Anthem, Cigna deal at risk after letters reveal bickering among executives
Problems have surfaced in the Anthem Inc's $48 billion proposed acquirement of Cigna Corp, as the health insurers seek regulatory approval for their landmark deal, according to the Wall Street Journal.
In a series of letters between top officials from both companies, each has accused the other of violating the July merger agreement and mishandling submissions to regulators, the Journal wrote. These disagreements could delay the merger, which does not appear to be at risk. The deal, if completed, would create the largest U.S. health insurer with more than 54 million members and $117 billion in annual revenue.
One of the major points of contention is Anthem’s lawsuit against Express Scripts Holding Co., a major middleman for prescription drugs, where Anthem accuses Express of overcharging for drugs and seeks $15 billion in damages.

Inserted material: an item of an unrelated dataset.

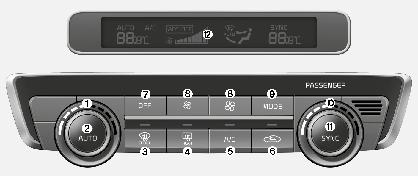 Manopola di regolazione e Pulsante accensione / temperatura lato spegnimento conducente condizionatore aria* b Pulsante AUTO (controllo f Pulsante selezione automatico) ingresso aria c Pulsante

Cigna Chairman Isaiah Harris Jr. said the suit could lower the combined company's value and hurt the prospects for regulatory approval while Anthem stated it had alerted Cigna to the possibility of a lawsuit early in their merger talks, and that demanding better prices from Express Scripts can only be beneficial.
Anthem General Counsel Tom Zielinski wrote that he did “not intend to correspond further” about the lawsuit, about his Cigna counterpart, Nicole Jones.

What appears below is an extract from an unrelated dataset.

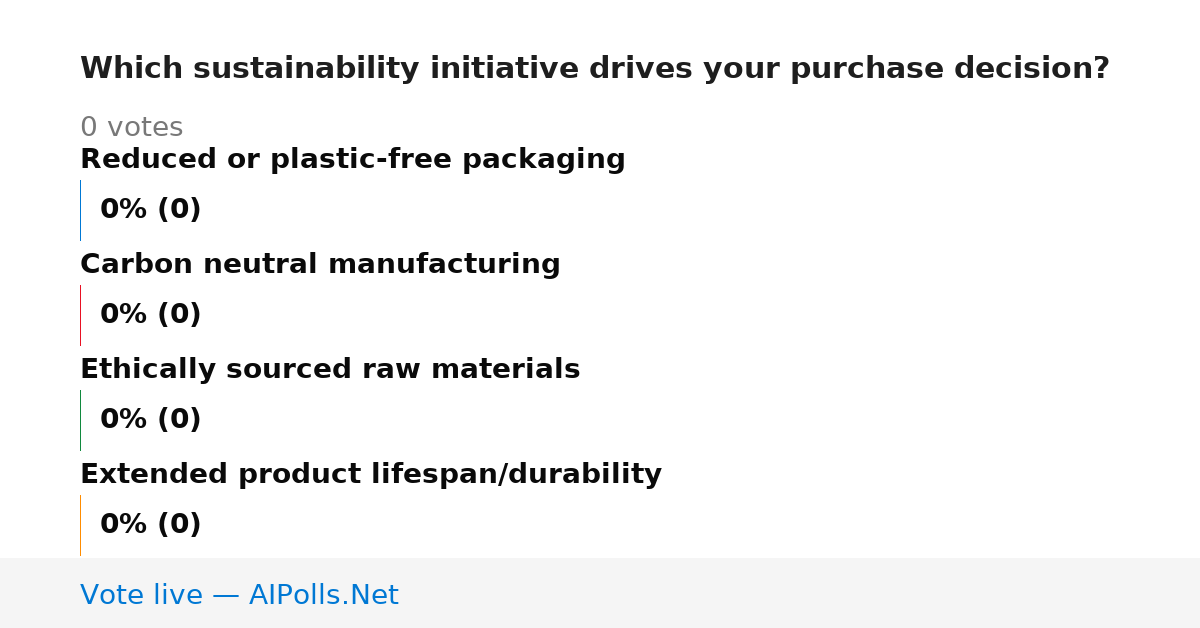 Unavailable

Ms. Jones responded with: “Suffice it to say that we disagree with just about every characterization and assertion that you make with respect to the matters raised in your letters—other than your suggestion not to continue a correspondence.”
That’s not the last of the problems either, tensions have been rising about the future position of Cigna Chief Executive David Cordani. Anthem had offered Mr. Cordani oversight over some of the combined company’s three business segments but he pushed for control of all three and was granted oversight.

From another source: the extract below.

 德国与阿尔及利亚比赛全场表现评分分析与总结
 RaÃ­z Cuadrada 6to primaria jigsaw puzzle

Cigna has also become anxious as some senior-level departures at Anthem, including the resignation of CFO Wayne DeVeydt, helped send Cigna’s shares down 2 percent on top of the 25 percent its shares are being sold below the offer price.
Information about Cigna’s cost-of-care and salary expenses used to calculate savings is key in convincing regulators that the deal is pro-competition but have not been received by Anthem.
“Cigna’s tardiness, data formatting issues and midcourse changes…[have] been highly disruptive and demotivating,” Zielinski wrote to Jones.
The relationship between these companies have been rocky since the first meetings last summer. They have disputed over the price, the mix of cash and stock to be paid to Cigna shareholders, and who would run the combined company. After weeks of negotiations they reached an uneasy agreement where Swedish would be CEO and step aside in two years, but no commitment that the job would go to Cordani, who would be president and chief operating officer.
Cigna told investors that the deal might be delayed until next year, rather than in late 2016. Although the deal is not at risk for falling apart Cigna could collect a $1.85 billion breakup fee from Anthem if that does transpire. Goldman Sachs Group analysts estimated that with that fee in hand, an independent Cigna could deploy $9.2 billion for acquisitions, share buybacks or dividends.